## DATASET EXTRACT
= = = =
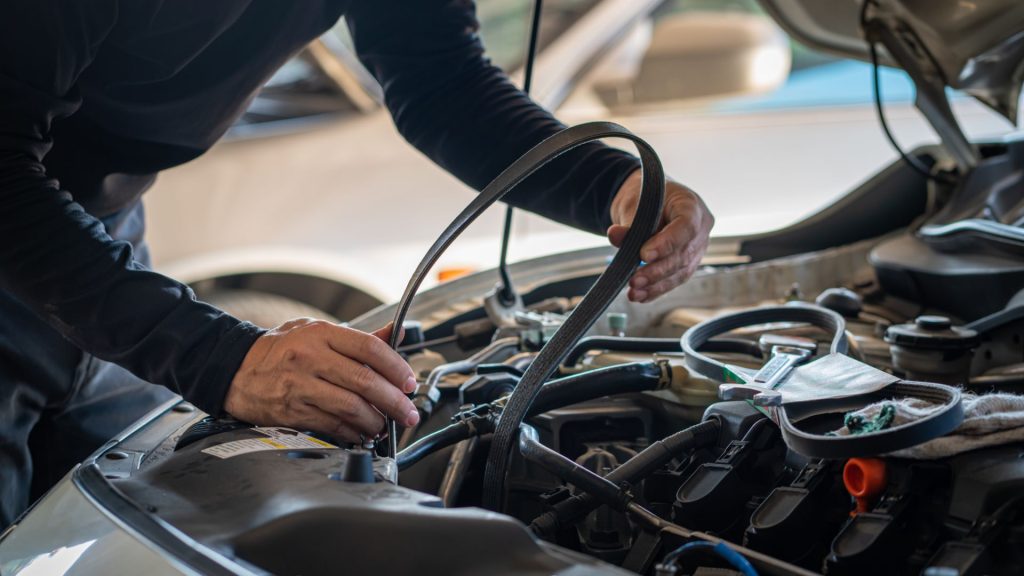Payment Processing For Serpentine Belts In India | igpay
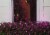 Northlight 4' x 6' Purple Incandescent Mini Net Style Christmas Lights - Green Wire Perspective: back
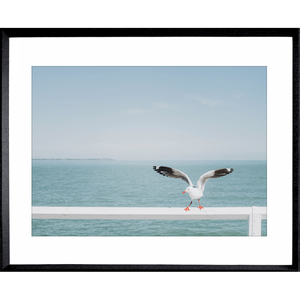 Ocean Wall Art - The Pier - Artist Collection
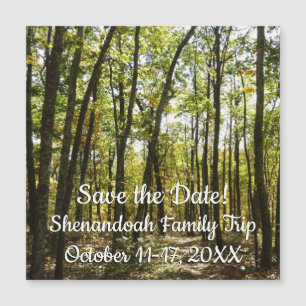 Sendero Apalache en octubre en Shenandoah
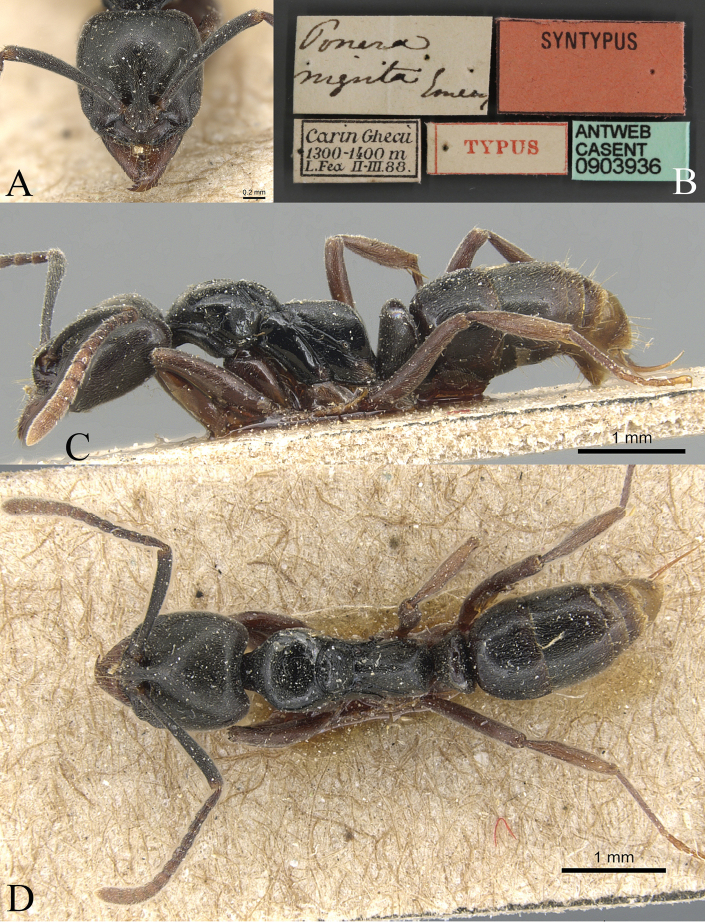 Figure 26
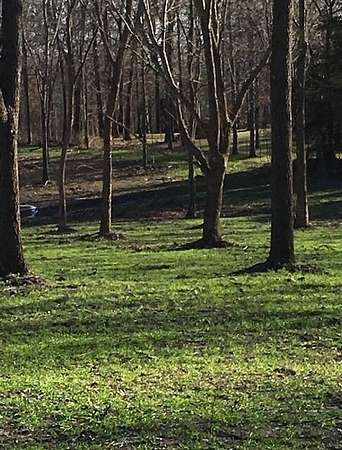 10 Acres of Land for Sale in Nixa, Missouri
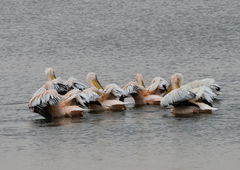 Pelecanus onocrotalus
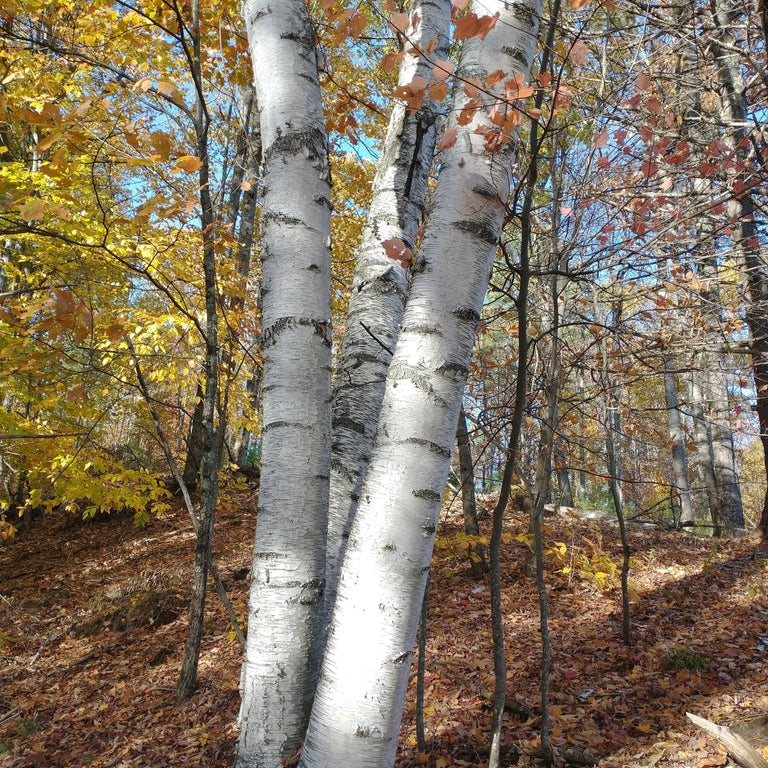 White peeling bark on the trunk of a paper birch tree (Betula papyrifera) in fall. One of approximately 200 species of Pacific Northwest native trees, shrubs and herbaceous plants available at Sparrowhawk Native Plants, native plant nursery in Portland, Oregon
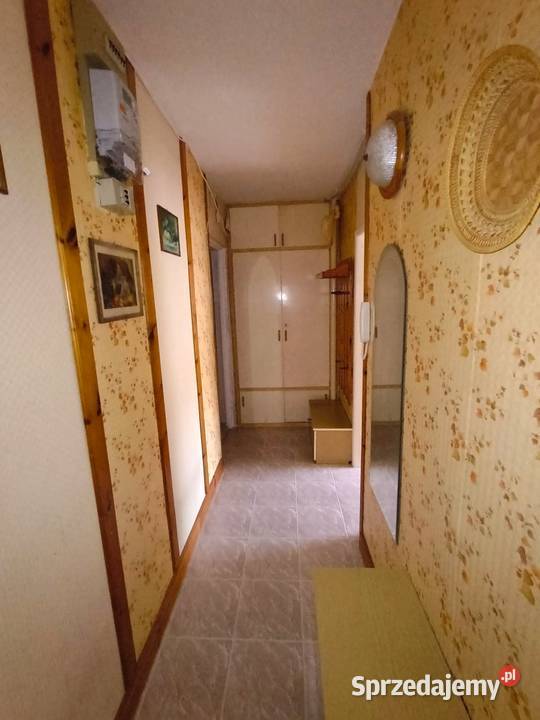 3 niezależne pokoje Gdańsk Orunia Górna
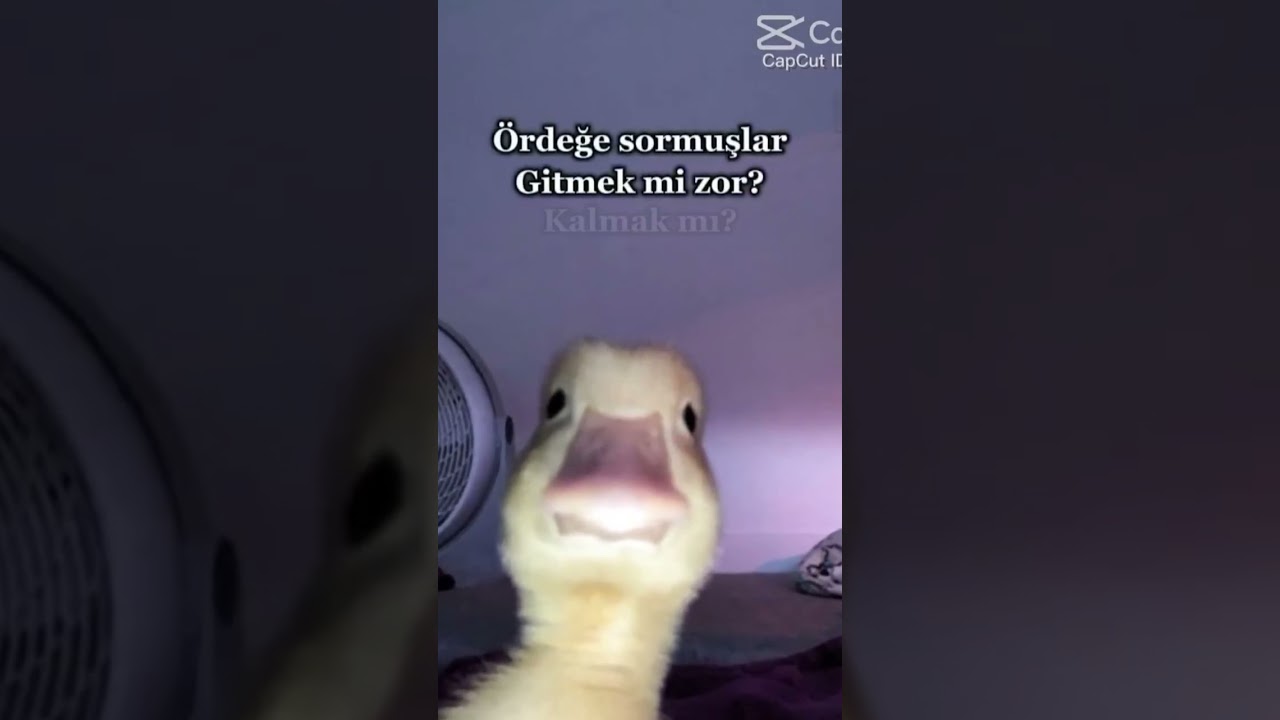 #keşfetbeniöneçıkar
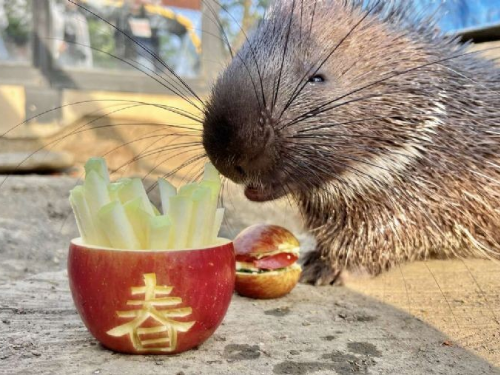 萬獸創意圍爐迎新春 壽山動物園加碼贈好禮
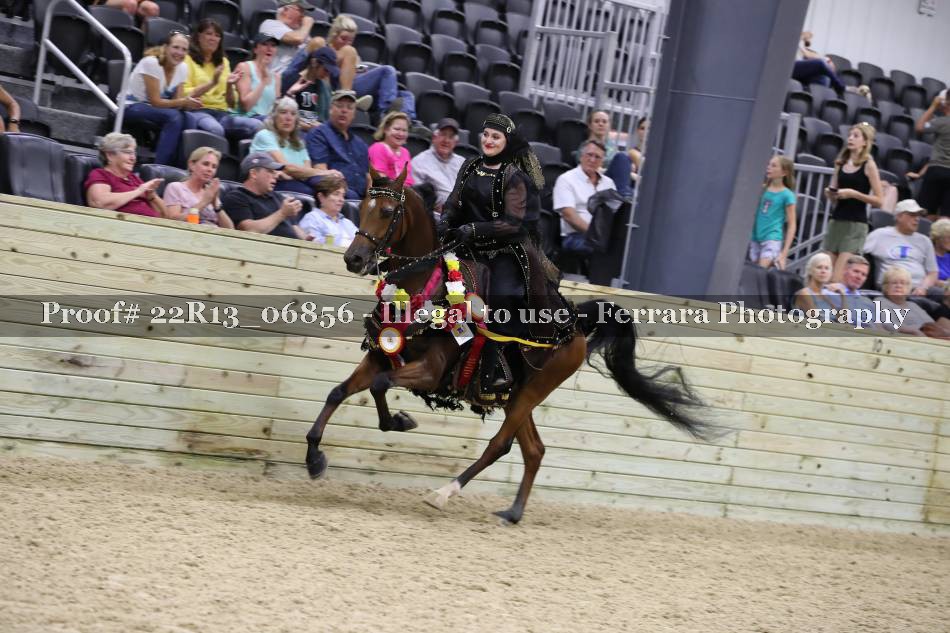 Proof 22R13_06856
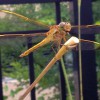 Figure 1. A dragonfly using an urban habitat patch in Gainesville, FL.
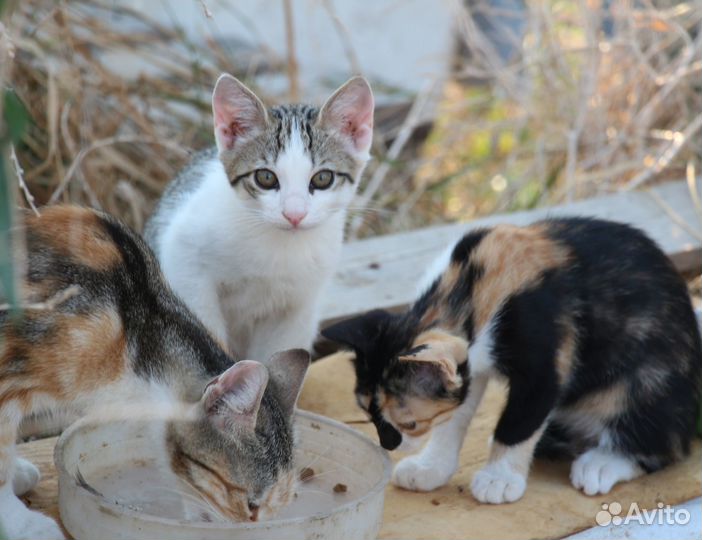 Отдам котят в добрые руки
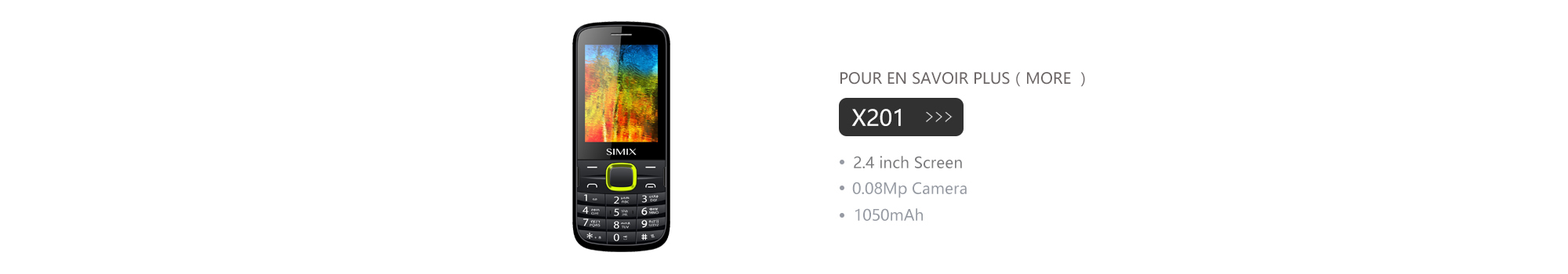 X201 Ordinateur portable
= = = =
## DIRECTIONS FOR THIS TASK
Copy exactly, and copy nothing else: the lines from the start of the data above through the line that holds "White peeling bark". The pictures stay out.

## RESULT OF THE TASK
Payment Processing For Serpentine Belts In India | igpay
 Northlight 4' x 6' Purple Incandescent Mini Net Style Christmas Lights - Green Wire Perspective: back
 Ocean Wall Art - The Pier - Artist Collection
 Sendero Apalache en octubre en Shenandoah
 Figure 26
 10 Acres of Land for Sale in Nixa, Missouri
 Pelecanus onocrotalus
 White peeling bark on the trunk of a paper birch tree (Betula papyrifera) in fall. One of approximately 200 species of Pacific Northwest native trees, shrubs and herbaceous plants available at Sparrowhawk Native Plants, native plant nursery in Portland, Oregon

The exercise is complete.